Pictures in the listing below are skipped, while the lines from the "thumbnail image 4" line through the "MATTHEW CLEANING Looped-Open" line are returned word for word.

■ Exercise material ■
++++++

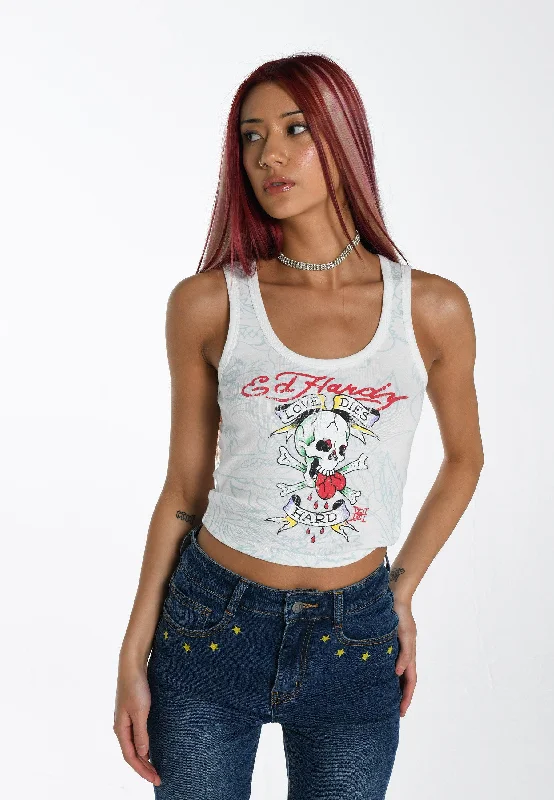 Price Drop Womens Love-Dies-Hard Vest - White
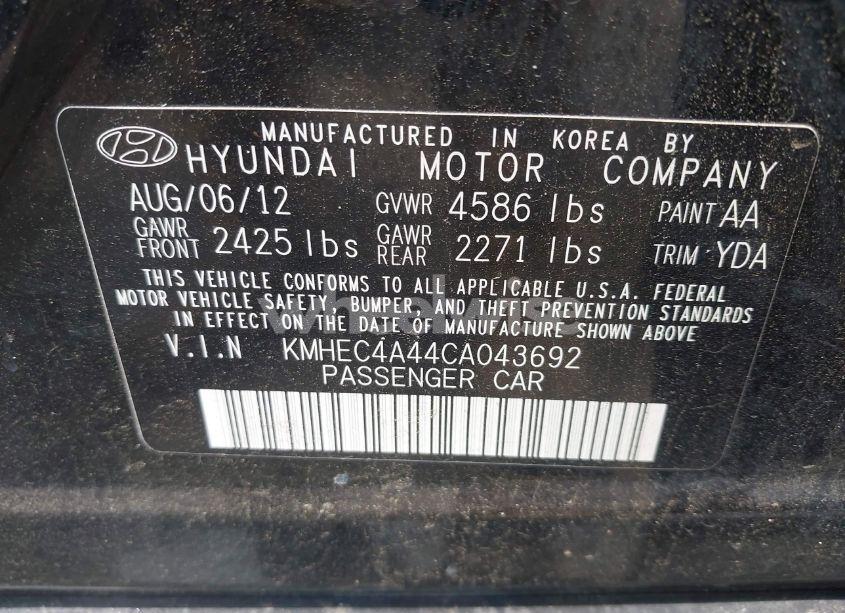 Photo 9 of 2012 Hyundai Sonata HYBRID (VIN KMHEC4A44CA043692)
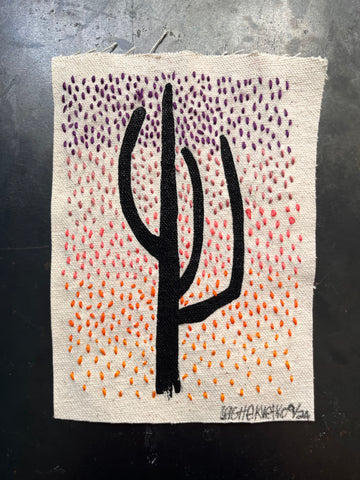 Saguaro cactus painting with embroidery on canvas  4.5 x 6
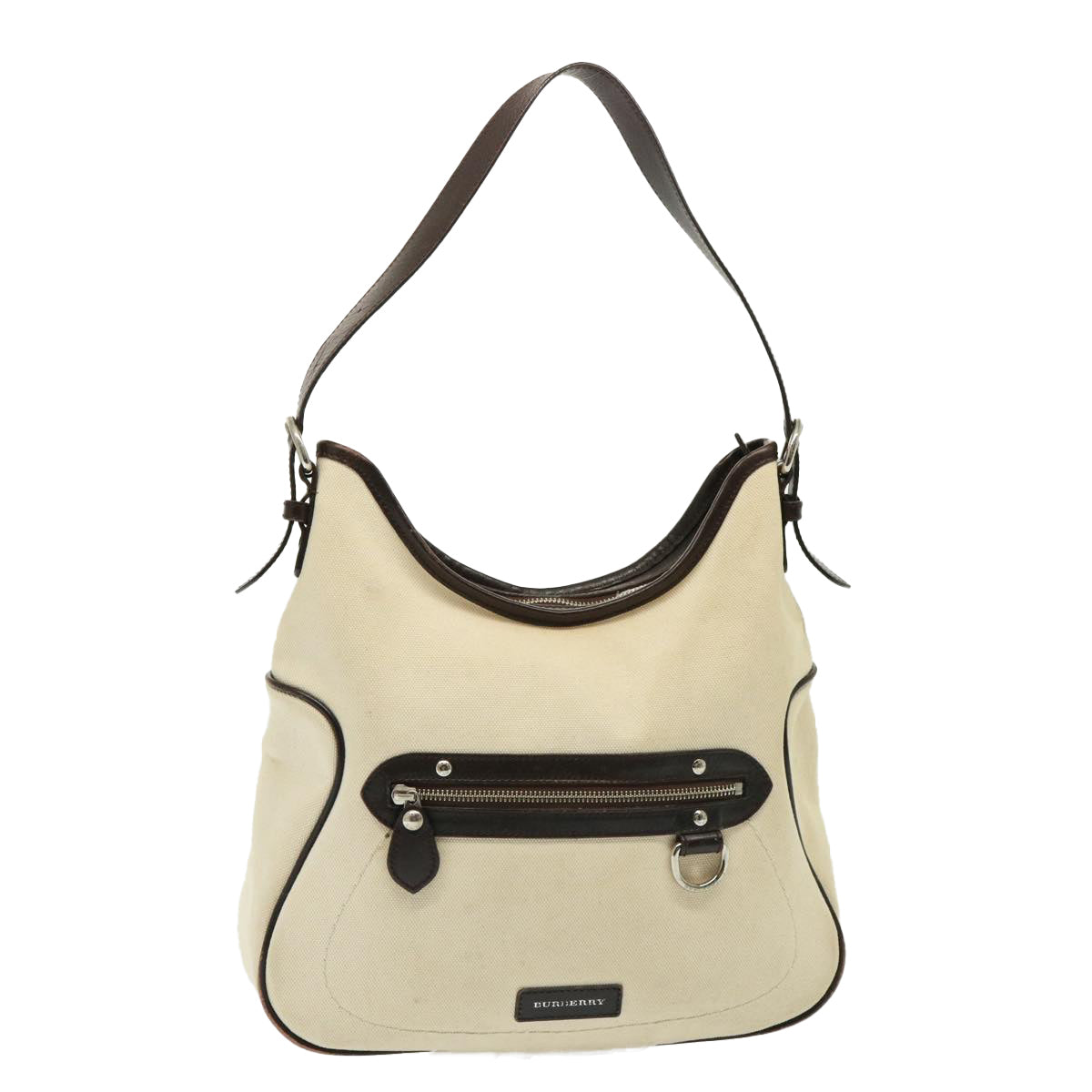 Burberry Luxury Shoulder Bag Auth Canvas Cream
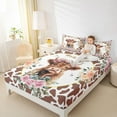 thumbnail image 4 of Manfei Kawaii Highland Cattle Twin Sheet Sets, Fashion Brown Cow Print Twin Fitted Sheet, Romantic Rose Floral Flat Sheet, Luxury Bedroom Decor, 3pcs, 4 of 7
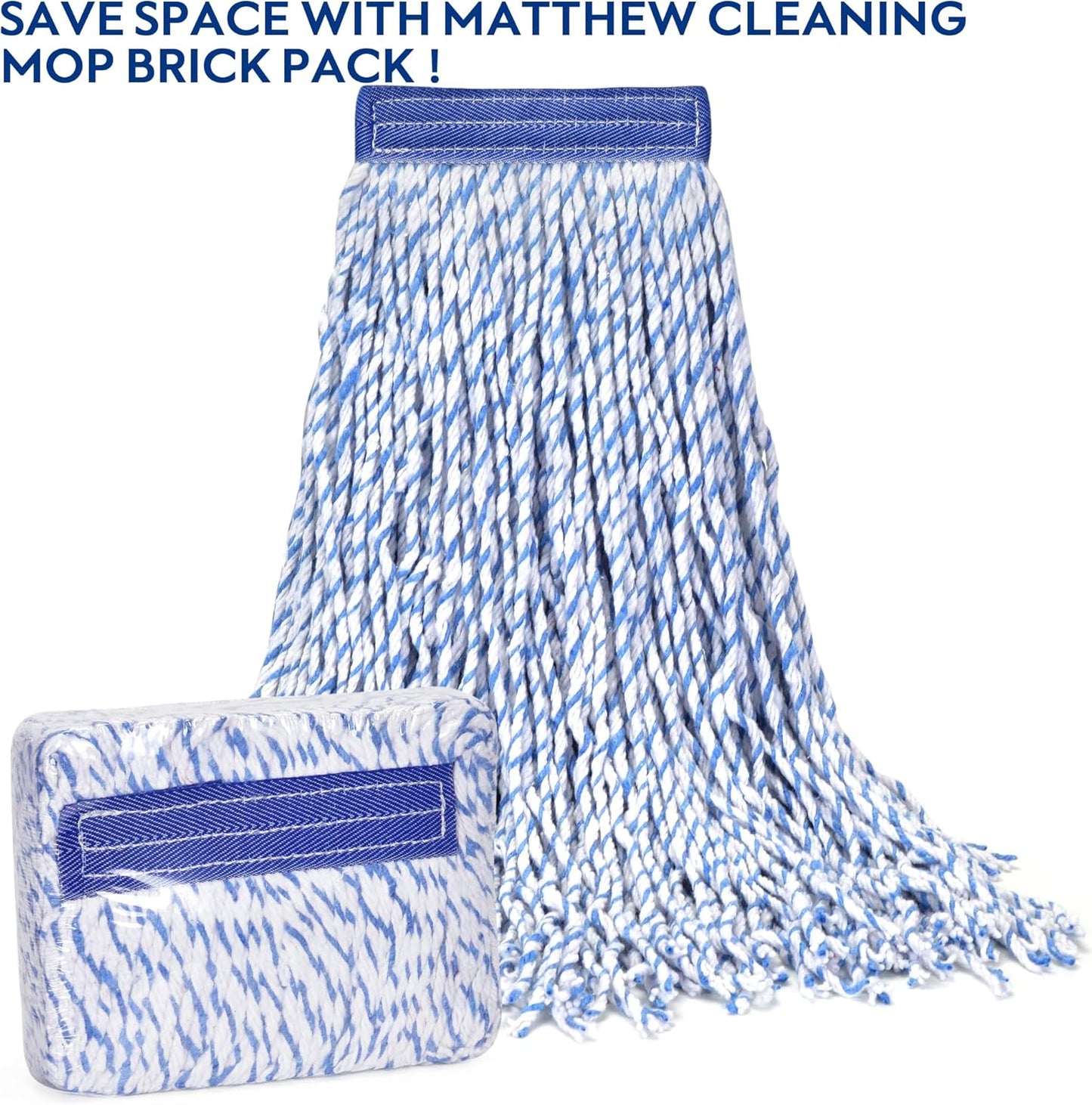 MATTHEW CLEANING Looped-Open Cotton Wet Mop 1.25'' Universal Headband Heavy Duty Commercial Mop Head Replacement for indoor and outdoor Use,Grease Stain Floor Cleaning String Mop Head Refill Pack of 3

++++++

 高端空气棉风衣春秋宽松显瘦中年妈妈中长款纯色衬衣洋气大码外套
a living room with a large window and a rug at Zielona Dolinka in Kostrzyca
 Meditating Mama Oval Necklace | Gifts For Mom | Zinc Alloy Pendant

++++++

■ Answer for this exercise ■
 thumbnail image 4 of Manfei Kawaii Highland Cattle Twin Sheet Sets, Fashion Brown Cow Print Twin Fitted Sheet, Romantic Rose Floral Flat Sheet, Luxury Bedroom Decor, 3pcs, 4 of 7
 MATTHEW CLEANING Looped-Open Cotton Wet Mop 1.25'' Universal Headband Heavy Duty Commercial Mop Head Replacement for indoor and outdoor Use,Grease Stain Floor Cleaning String Mop Head Refill Pack of 3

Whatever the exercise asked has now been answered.